BRIEF -
What you should output is the data below, unchanged in every character.

DATA SUPPLIED -
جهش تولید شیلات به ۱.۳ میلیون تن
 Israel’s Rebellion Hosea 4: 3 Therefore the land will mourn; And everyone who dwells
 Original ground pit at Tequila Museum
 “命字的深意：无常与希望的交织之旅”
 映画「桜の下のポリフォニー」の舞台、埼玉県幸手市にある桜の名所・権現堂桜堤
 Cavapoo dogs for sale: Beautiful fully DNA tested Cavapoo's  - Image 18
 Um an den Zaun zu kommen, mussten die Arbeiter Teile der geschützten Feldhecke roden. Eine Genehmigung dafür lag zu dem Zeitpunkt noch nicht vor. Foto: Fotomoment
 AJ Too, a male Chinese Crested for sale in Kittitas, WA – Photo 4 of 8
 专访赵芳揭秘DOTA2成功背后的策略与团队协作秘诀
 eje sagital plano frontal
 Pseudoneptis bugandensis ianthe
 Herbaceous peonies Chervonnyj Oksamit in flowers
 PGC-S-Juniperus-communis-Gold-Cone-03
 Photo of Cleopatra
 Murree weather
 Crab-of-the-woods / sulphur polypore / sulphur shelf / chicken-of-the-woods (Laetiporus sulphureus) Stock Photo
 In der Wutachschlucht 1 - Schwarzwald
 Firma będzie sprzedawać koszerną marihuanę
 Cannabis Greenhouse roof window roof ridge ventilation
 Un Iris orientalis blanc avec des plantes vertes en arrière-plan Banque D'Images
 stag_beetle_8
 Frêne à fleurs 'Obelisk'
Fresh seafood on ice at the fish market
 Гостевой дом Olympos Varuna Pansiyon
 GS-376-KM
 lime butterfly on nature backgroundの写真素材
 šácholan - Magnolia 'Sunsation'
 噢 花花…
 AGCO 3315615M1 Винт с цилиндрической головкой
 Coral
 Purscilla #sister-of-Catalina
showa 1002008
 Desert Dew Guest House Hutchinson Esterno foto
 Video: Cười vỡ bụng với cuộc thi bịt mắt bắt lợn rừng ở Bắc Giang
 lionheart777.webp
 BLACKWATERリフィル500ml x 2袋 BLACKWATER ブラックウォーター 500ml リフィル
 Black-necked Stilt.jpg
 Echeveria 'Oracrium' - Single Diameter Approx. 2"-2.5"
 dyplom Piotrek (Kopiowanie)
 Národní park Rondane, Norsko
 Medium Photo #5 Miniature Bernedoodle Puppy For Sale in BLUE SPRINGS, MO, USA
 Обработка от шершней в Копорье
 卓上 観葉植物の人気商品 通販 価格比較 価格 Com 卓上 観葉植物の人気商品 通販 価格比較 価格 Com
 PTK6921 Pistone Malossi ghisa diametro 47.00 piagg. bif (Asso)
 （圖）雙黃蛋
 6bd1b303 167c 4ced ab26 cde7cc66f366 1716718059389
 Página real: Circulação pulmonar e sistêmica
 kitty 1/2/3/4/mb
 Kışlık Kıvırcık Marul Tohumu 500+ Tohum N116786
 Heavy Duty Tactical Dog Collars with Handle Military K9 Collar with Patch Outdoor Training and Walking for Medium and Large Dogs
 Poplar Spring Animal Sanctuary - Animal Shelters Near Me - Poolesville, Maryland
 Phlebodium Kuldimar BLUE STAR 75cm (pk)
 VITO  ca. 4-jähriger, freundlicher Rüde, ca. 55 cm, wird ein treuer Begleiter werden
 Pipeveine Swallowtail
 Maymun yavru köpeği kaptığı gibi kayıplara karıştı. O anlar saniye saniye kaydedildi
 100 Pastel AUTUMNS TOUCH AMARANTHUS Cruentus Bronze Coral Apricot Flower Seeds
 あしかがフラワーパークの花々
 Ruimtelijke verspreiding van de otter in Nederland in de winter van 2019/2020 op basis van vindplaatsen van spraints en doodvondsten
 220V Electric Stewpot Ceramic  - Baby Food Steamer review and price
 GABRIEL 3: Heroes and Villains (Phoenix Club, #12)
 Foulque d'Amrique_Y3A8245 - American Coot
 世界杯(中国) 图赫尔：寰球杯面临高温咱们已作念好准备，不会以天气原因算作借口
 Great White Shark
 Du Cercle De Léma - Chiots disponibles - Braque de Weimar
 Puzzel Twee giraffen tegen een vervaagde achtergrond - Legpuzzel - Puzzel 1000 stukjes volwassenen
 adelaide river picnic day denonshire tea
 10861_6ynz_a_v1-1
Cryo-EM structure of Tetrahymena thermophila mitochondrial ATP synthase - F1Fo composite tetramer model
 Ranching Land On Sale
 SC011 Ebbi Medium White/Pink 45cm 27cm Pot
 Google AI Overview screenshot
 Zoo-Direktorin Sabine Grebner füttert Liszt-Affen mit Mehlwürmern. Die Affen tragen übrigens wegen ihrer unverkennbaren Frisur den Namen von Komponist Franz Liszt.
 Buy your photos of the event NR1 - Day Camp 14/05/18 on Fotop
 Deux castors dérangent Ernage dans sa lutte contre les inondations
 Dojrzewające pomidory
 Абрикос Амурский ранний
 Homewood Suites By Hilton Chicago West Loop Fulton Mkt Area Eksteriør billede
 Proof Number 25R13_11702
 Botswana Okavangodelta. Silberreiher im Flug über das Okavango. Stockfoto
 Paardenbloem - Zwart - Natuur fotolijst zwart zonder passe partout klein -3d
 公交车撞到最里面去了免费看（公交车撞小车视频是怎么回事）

TASK RESPONSE -
جهش تولید شیلات به ۱.۳ میلیون تن
 Israel’s Rebellion Hosea 4: 3 Therefore the land will mourn; And everyone who dwells
 Original ground pit at Tequila Museum
 “命字的深意：无常与希望的交织之旅”
 映画「桜の下のポリフォニー」の舞台、埼玉県幸手市にある桜の名所・権現堂桜堤
 Cavapoo dogs for sale: Beautiful fully DNA tested Cavapoo's  - Image 18
 Um an den Zaun zu kommen, mussten die Arbeiter Teile der geschützten Feldhecke roden. Eine Genehmigung dafür lag zu dem Zeitpunkt noch nicht vor. Foto: Fotomoment
 AJ Too, a male Chinese Crested for sale in Kittitas, WA – Photo 4 of 8
 专访赵芳揭秘DOTA2成功背后的策略与团队协作秘诀
 eje sagital plano frontal
 Pseudoneptis bugandensis ianthe
 Herbaceous peonies Chervonnyj Oksamit in flowers
 PGC-S-Juniperus-communis-Gold-Cone-03
 Photo of Cleopatra
 Murree weather
 Crab-of-the-woods / sulphur polypore / sulphur shelf / chicken-of-the-woods (Laetiporus sulphureus) Stock Photo
 In der Wutachschlucht 1 - Schwarzwald
 Firma będzie sprzedawać koszerną marihuanę
 Cannabis Greenhouse roof window roof ridge ventilation
 Un Iris orientalis blanc avec des plantes vertes en arrière-plan Banque D'Images
 stag_beetle_8
 Frêne à fleurs 'Obelisk'
Fresh seafood on ice at the fish market
 Гостевой дом Olympos Varuna Pansiyon
 GS-376-KM
 lime butterfly on nature backgroundの写真素材
 šácholan - Magnolia 'Sunsation'
 噢 花花…
 AGCO 3315615M1 Винт с цилиндрической головкой
 Coral
 Purscilla #sister-of-Catalina
showa 1002008
 Desert Dew Guest House Hutchinson Esterno foto
 Video: Cười vỡ bụng với cuộc thi bịt mắt bắt lợn rừng ở Bắc Giang
 lionheart777.webp
 BLACKWATERリフィル500ml x 2袋 BLACKWATER ブラックウォーター 500ml リフィル
 Black-necked Stilt.jpg
 Echeveria 'Oracrium' - Single Diameter Approx. 2"-2.5"
 dyplom Piotrek (Kopiowanie)
 Národní park Rondane, Norsko
 Medium Photo #5 Miniature Bernedoodle Puppy For Sale in BLUE SPRINGS, MO, USA
 Обработка от шершней в Копорье
 卓上 観葉植物の人気商品 通販 価格比較 価格 Com 卓上 観葉植物の人気商品 通販 価格比較 価格 Com
 PTK6921 Pistone Malossi ghisa diametro 47.00 piagg. bif (Asso)
 （圖）雙黃蛋
 6bd1b303 167c 4ced ab26 cde7cc66f366 1716718059389
 Página real: Circulação pulmonar e sistêmica
 kitty 1/2/3/4/mb
 Kışlık Kıvırcık Marul Tohumu 500+ Tohum N116786
 Heavy Duty Tactical Dog Collars with Handle Military K9 Collar with Patch Outdoor Training and Walking for Medium and Large Dogs
 Poplar Spring Animal Sanctuary - Animal Shelters Near Me - Poolesville, Maryland
 Phlebodium Kuldimar BLUE STAR 75cm (pk)
 VITO  ca. 4-jähriger, freundlicher Rüde, ca. 55 cm, wird ein treuer Begleiter werden
 Pipeveine Swallowtail
 Maymun yavru köpeği kaptığı gibi kayıplara karıştı. O anlar saniye saniye kaydedildi
 100 Pastel AUTUMNS TOUCH AMARANTHUS Cruentus Bronze Coral Apricot Flower Seeds
 あしかがフラワーパークの花々
 Ruimtelijke verspreiding van de otter in Nederland in de winter van 2019/2020 op basis van vindplaatsen van spraints en doodvondsten
 220V Electric Stewpot Ceramic  - Baby Food Steamer review and price
 GABRIEL 3: Heroes and Villains (Phoenix Club, #12)
 Foulque d'Amrique_Y3A8245 - American Coot
 世界杯(中国) 图赫尔：寰球杯面临高温咱们已作念好准备，不会以天气原因算作借口
 Great White Shark
 Du Cercle De Léma - Chiots disponibles - Braque de Weimar
 Puzzel Twee giraffen tegen een vervaagde achtergrond - Legpuzzel - Puzzel 1000 stukjes volwassenen
 adelaide river picnic day denonshire tea
 10861_6ynz_a_v1-1
Cryo-EM structure of Tetrahymena thermophila mitochondrial ATP synthase - F1Fo composite tetramer model
 Ranching Land On Sale
 SC011 Ebbi Medium White/Pink 45cm 27cm Pot
 Google AI Overview screenshot
 Zoo-Direktorin Sabine Grebner füttert Liszt-Affen mit Mehlwürmern. Die Affen tragen übrigens wegen ihrer unverkennbaren Frisur den Namen von Komponist Franz Liszt.
 Buy your photos of the event NR1 - Day Camp 14/05/18 on Fotop
 Deux castors dérangent Ernage dans sa lutte contre les inondations
 Dojrzewające pomidory
 Абрикос Амурский ранний
 Homewood Suites By Hilton Chicago West Loop Fulton Mkt Area Eksteriør billede
 Proof Number 25R13_11702
 Botswana Okavangodelta. Silberreiher im Flug über das Okavango. Stockfoto
 Paardenbloem - Zwart - Natuur fotolijst zwart zonder passe partout klein -3d
 公交车撞到最里面去了免费看（公交车撞小车视频是怎么回事）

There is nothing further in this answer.